INSTRUCTIONS FOR THE TASK =
Retype word for word the line containing "High Strength Street" and each line that follows it in the records below, through the last one, with no pictures.

—————

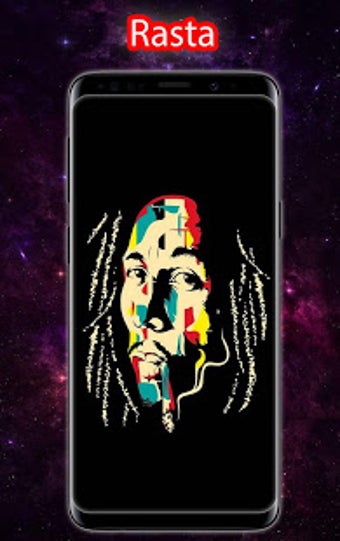 Image 1 for Rasta Wallpaper
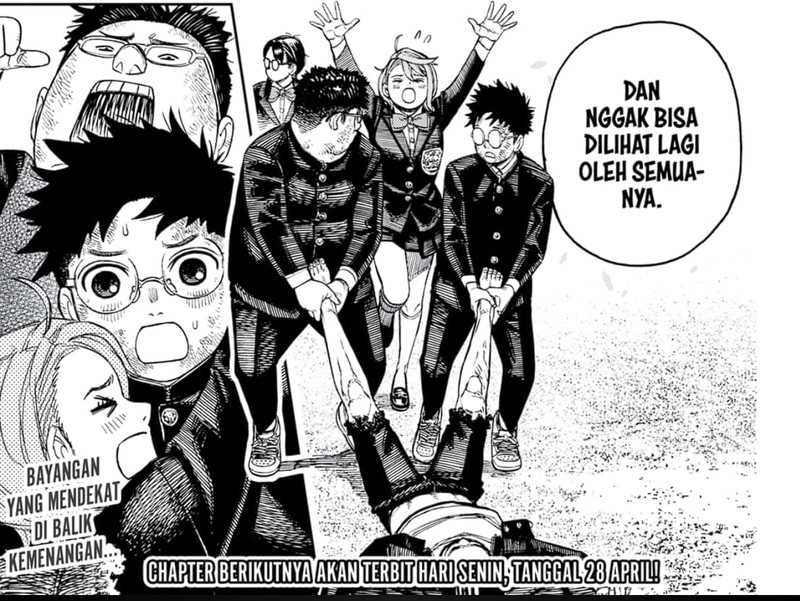 DANDADAN Chapter 191 Gambar 15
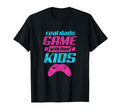 Mens Gaming Dad Gamer Video Games T-Shirt - Minimalist Print for Adults - T-Shirt, Sweatshirt, Hoodie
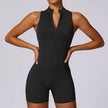 High Strength Street Fashion Club Sports Hollow Back Shaping Yoga Workout Jumpsuit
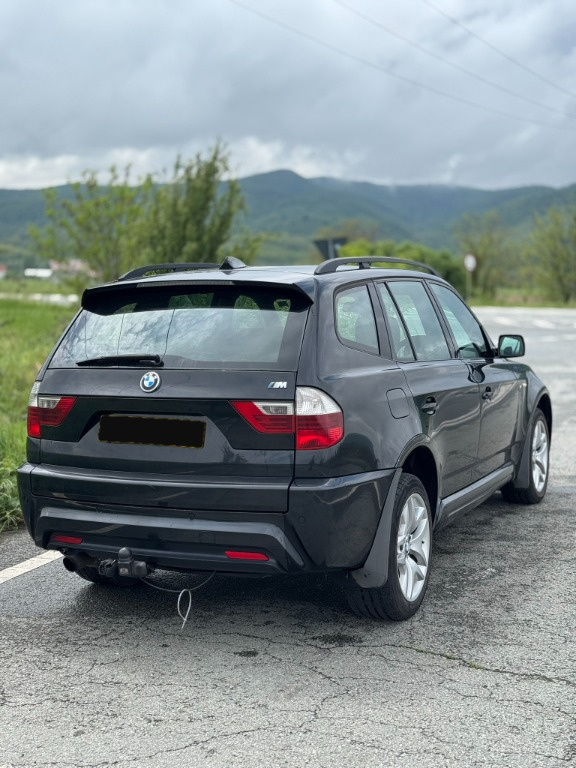 Bara spate BMW X3 E83 M Pack cu senzori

—————

EXERCISE RESULT =
 High Strength Street Fashion Club Sports Hollow Back Shaping Yoga Workout Jumpsuit
 Bara spate BMW X3 E83 M Pack cu senzori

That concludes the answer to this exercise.